Della Valle outlined their commitment to consolidating individual brands in the coming years, citing the strategic importance of partnering with L Catterton investment firm and delisting from the stock exchange. He noted the excellent relations with the stock exchange but stressed the necessity of the move for their future plans.
When questioned about the delisting during an analyst call, chief financial officer Emilio Macellari’s absence hindered detailed responses. Tod’s Group investor relations manager Cinzia Oglio clarified that due to the tender offer, she was restricted in her comments.
Oglio assured analysts that L Catterton had submitted the draft in accordance with Italian law, awaiting approval from Consob by the end of the month.
The group reported robust performance in 2023, with net profit reaching 50 million euros, up from 23.1 million euros the previous year, driven by a revenue increase of 11.9 percent to 1.12 billion euros.
Della Valle expressed satisfaction with the results and attributed their success to committed employees and collaborators, highlighting their dedication to sustainability and employee well-being.
Regarding current trading, Oglio noted a softer January, partly due to the timing of the Chinese New Year, but February showed significant improvement globally except in Greater China.
Sales of Tod’s brand rose by 10.4 percent, Roger Vivier by 16.5 percent, Hogan by 9.3 percent, and Fay by 13.2 percent in 2023.

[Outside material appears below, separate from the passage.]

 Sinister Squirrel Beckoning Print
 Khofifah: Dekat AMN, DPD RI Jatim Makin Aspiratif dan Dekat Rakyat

Sales by geography saw growth across regions, with particularly strong performance in Greater China, despite some volatility in individual quarters.
The retail channel represented approximately 75 percent of turnover, with double-digit growth, while e-commerce sales continued to increase, accounting for over 9 percent of sales.
The group’s investment in digital platforms and store network expansion contributed to their growth strategy. Fixed asset investments focused on store network expansion and corporate structure modernization.
As of December 31, net debt amounted to 89.7 million euros, reflecting investment activities during the fiscal year.